外交は、「官邸主導」
二番目は、「外務省が政治家に言わせている」という部分。外務省はいろいろ批判されていますが、外交の「大きな流れ」を決めてるのは、「総理」と「側近たち」だと思います。なぜそう思うかというと、総理大臣がかわると、外交もがらりと変わるから。
たとえば90年代、日本は概して、アメリカ、中国、ロシアのバランスをとりながら外交をしていました。なぜでしょうか?
91年、ソ連が崩壊し、アメリカが世界唯一の超大国になった。すると、アメリカは、「日本バッシング」を始めたのです。「日本異質論者」を前面に出しながら、日本経済潰しを熱心にしていた。日本としても、ソ連がなくなり「日米安保」の重要性が薄れた。それで、相対的に中国、ロシアとの関係が改善されていたのです。
しかし、小泉さんが総理になると、「アメリカ一辺倒外交」になった。それで、中国、ロシアとの関係は破壊された。
鳩山さんが総理になると、またガラリと外交が変わりました。鳩山さんは、アメリカとの関係を悪化させ、中国との関係を最重視した。小沢さんの、「私は人民解放軍の野戦軍司令官である!」発言は、忘れようとしても決して忘れられません。
というわけで、日本外交の大きな方向性を決めているのは、やはり「官邸」だと思います。もちろん、総理が、「親米派」(あるいは従米派)なのか、「親中派」(あるいは従中派)なのかで、大きく変わります。ですから、「外国」(主に米中)が外交に与える影響も相当大きいのです。
なぜ国益にあう政策ができないのか?
最後に、「なぜ国益にあう政策ができないのか?」について。これ、いろいろ理由があると思います。
まず、「国益にあう政策」について、意見が統一されていない。たとえば、
- 消費税増税派、延期派、増税完全中止派、国益にあうのはどれ? (私は、増税完全中止派です)
- 3K移民の大量受け入れは、仕方ない派、反対派、国益にあうのはどっち? (私は、3K移民大量受け入れ反対派です。

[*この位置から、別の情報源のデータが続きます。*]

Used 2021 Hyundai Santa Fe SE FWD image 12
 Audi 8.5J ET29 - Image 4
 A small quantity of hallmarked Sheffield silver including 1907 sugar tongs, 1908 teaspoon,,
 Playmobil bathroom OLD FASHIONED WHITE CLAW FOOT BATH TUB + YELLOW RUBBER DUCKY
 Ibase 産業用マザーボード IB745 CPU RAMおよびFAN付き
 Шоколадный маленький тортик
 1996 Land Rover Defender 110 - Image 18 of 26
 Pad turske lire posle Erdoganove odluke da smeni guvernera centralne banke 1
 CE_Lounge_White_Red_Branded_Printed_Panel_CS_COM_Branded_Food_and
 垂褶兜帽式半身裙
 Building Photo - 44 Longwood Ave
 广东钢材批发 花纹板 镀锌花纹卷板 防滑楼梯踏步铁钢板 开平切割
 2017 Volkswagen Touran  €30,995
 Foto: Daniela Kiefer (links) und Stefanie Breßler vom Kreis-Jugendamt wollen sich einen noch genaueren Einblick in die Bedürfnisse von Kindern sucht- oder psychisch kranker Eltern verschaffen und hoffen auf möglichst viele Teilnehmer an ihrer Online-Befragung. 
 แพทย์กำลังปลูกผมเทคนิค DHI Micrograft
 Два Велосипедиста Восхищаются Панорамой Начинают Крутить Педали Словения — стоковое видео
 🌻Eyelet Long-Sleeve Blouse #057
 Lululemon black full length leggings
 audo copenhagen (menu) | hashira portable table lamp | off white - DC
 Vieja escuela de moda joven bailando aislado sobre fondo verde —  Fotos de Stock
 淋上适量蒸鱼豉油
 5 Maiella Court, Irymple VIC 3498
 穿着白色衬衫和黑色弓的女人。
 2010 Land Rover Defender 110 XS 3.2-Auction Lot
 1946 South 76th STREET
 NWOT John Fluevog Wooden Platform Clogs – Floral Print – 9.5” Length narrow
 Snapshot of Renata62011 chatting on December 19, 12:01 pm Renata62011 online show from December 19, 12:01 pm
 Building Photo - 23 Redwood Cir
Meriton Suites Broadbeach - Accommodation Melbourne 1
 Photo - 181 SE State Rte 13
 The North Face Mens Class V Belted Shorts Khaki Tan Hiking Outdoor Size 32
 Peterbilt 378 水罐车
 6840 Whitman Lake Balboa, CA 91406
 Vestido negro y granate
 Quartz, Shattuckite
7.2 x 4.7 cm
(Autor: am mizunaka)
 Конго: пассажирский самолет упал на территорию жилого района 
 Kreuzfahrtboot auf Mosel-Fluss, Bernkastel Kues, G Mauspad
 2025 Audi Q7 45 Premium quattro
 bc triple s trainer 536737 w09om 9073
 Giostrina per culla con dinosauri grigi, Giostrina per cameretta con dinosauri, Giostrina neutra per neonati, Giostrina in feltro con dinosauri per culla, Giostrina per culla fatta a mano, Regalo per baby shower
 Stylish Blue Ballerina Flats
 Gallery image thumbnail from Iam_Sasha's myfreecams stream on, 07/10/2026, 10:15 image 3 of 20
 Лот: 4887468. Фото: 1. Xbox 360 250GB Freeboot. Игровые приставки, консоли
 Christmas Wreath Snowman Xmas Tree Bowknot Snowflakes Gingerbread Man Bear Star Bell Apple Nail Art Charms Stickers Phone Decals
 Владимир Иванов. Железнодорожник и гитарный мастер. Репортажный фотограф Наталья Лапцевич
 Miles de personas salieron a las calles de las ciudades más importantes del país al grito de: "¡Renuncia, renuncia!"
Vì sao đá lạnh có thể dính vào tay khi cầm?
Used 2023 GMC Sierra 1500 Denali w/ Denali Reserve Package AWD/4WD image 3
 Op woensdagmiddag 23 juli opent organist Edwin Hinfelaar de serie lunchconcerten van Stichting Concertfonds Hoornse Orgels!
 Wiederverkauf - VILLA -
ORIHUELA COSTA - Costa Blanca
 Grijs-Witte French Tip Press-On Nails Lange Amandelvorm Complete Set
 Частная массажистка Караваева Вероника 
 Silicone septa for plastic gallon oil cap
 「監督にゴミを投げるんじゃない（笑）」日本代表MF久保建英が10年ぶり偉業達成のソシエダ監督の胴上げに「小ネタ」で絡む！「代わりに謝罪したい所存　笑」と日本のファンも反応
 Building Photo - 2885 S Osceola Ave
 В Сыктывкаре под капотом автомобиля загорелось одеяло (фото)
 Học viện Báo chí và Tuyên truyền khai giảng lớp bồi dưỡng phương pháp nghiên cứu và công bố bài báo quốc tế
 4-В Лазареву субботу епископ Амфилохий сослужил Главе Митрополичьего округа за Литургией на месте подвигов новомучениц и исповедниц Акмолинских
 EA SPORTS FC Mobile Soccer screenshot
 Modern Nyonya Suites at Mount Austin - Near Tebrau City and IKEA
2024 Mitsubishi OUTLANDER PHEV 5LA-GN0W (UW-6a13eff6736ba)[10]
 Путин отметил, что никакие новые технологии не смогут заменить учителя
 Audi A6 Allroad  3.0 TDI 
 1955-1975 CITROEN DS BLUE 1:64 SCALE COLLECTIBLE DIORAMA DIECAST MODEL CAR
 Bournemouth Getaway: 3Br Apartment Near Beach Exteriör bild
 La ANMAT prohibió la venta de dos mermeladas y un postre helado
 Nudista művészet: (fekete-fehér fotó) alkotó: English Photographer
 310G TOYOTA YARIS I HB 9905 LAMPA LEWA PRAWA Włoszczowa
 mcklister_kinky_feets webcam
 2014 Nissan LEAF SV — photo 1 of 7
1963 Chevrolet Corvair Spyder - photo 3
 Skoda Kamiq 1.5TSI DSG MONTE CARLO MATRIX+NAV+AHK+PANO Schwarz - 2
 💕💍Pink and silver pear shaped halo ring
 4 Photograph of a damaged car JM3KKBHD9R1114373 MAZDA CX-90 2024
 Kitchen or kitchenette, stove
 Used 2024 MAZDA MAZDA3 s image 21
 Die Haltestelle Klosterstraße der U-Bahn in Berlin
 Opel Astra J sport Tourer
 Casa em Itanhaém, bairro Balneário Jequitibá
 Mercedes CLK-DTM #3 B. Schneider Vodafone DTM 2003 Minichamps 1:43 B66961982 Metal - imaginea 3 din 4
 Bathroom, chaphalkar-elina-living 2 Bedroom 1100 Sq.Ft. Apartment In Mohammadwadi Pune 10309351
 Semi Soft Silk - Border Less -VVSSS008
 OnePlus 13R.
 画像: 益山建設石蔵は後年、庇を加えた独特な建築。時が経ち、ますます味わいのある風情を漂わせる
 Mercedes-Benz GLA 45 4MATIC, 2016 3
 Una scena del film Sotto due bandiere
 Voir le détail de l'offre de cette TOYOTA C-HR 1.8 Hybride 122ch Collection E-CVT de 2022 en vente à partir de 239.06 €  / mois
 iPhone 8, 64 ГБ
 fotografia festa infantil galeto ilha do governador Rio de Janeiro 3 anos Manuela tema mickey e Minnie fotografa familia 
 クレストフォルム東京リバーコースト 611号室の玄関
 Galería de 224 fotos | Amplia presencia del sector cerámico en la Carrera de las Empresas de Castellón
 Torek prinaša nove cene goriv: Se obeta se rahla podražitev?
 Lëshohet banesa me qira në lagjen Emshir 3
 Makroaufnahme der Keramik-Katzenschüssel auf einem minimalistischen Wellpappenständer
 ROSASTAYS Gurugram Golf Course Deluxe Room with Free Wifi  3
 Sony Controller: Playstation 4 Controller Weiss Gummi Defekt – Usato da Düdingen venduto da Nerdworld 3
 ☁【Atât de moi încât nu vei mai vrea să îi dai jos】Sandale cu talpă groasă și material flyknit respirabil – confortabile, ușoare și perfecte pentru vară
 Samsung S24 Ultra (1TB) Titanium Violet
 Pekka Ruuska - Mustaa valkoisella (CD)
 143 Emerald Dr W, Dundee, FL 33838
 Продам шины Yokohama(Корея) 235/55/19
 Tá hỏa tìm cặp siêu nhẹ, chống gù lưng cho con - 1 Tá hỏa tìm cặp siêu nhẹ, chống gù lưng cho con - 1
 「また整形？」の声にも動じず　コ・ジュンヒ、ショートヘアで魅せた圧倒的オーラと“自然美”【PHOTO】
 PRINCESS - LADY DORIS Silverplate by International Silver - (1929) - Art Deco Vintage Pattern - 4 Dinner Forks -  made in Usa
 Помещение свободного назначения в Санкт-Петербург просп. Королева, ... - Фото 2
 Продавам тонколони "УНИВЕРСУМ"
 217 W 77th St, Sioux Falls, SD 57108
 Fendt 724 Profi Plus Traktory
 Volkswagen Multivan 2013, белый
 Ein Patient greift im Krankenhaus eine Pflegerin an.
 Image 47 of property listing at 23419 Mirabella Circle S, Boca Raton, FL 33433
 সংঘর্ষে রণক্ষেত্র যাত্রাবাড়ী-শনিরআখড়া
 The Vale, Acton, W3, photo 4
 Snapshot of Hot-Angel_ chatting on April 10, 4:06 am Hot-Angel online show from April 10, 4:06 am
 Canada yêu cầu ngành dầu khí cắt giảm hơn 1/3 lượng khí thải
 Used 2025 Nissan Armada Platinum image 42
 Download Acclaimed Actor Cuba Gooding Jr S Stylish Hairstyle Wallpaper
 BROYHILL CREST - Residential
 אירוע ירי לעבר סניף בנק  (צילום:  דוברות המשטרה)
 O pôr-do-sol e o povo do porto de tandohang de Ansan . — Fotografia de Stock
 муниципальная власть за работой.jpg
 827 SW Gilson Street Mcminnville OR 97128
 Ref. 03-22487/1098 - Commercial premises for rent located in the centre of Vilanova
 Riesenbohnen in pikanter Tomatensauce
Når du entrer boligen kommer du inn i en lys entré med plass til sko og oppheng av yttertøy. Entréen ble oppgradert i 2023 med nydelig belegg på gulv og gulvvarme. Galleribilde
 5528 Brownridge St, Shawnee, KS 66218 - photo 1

)
- 外交は、親米派、親中派、自立派、国益にあうのは?
などなど、ひとつの問題をとってみても、さまざまな意見があり、皆「俺の主張が国益にあっている!」という。だから、フラフラフラフラするのですね。
皆さん、「何が善なのか、悪なのか」「まったく基準をもたない人」の人生を想像してみてください。難破船のように漂流し、言うこともコロコロ変わることでしょう。今の日本は、そういう状態だということです。なにが「国益」なのか、わからない。
もう一つ、やはり外国、主にアメリカと中国の影響が大きいのでしょう。総理が、何か日本のためになる政策をしようとする。すると、アメリカから圧力がかかり、やめさせられる。あるいは、日本の国益に合致しないことを、やらされる。そういうのがあることは、皆さんご存知のとおりです。「え~、そうなの?」という方は、『アメリカに潰された政治家たち(孫崎享)』をご一読ください。